ストックマーケットレポート・サンプル 2016.7.20号

* サンプルとして、冒頭の約1ページ分を掲載しております。

1:ファンダメンタル

「7月2日」に発生しました「バングラディッシュのテロ事件」につきましては、報道のとおりに、「日本人が7名も殺害された」という「あまりにも悲惨な、そして、理不尽な事件」でもありました。つまり、「バングラディッシュの発展に貢献しようとした人々が、イスラム国に賛同するバングラディッシュ人によって殺害された」という状況であり、実際のところ、「やりきれない思い」を抱かざるを得ないわけですが、一方で、「なぜ、このような事件が起きたのか?」を考えますと、「根底には、より深い意味合いが存在するのではないか?」とも感じた次第です。

つまり、「IS(通称:イスラム国)という組織が、どのような経緯で成立したのか?」を考えますと、実際のところは、ひとえに、「2003年3月20日」に始まった「イラク戦争」が原因だったものと思われるわけです。具体的には、ご存知のとおりに、「アメリカ」を中心にして、「イギリス」や「オーストラリア」などの有志連合軍が、「イラクの武装解除」、すなわち、「核兵器や化学兵器の撤去」を目的に、「イラクに侵攻した戦争」のことです。

しかし、実際には、「核兵器が存在しなかった」という状況でありながら、「イラク」は、実質的に崩壊し、その後、「イラク」や「シリア」の国内で、いわゆる「イスラム国」が勢力を増していったことも理解できるわけです。そのために、「2014年」から、「アメリカなどの国々」が、「イスラム国」に対して、空爆攻撃を始めたわけですが、その結果として発生したことが、「シリア難民の国外脱出」であり、主に、「ヨーロッパの国々」へ、大量の人々が押し寄せたことも理解できるわけです。

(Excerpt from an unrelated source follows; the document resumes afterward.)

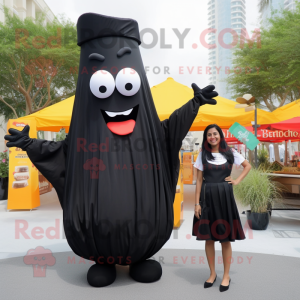 Black French Fries mascot costume character dressed with a Dress Shirt and Wraps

そして、このことが、今回の「イギリスのEU離脱」に関する「原因の一つ」でもあったようですが、現在では、「イギリスのブレア前首相が、イラク攻撃の是非を巡って、調査されている状況」でもあるわけです。つまり、「ブーメラン効果」という言葉のとおりに、「過去の行いが、現在では、反対に、自分の身に降りかかっている状況」でもあるようですが、このような「テロ事件」で思い出されることは、やはり、「西暦400年前後」に発生した「蛮族の襲撃」でもあるわけです。

つまり、「数百年間もの繁栄を誇った西ローマ帝国」は、最後の段階で、「蛮族の襲撃」に耐えきれず、「歴史上からは、きわめて短期間の内に滅んだ」という状況のことです。そして、この展開が、現在と、よく似ているようにも感じていますが、一方で、「蛮族の襲撃」があったとしても、「内部の力が強ければ、西ローマ帝国は滅亡しなかったのではないか?」とも考えられるわけです。別の言葉では、「崩壊までの数百年間」にも、さまざまな混乱や襲撃があったものと想定されますが、その時には、「強大な軍事力で、簡単に敵を打ち負かすことができた」ものと思われるわけです。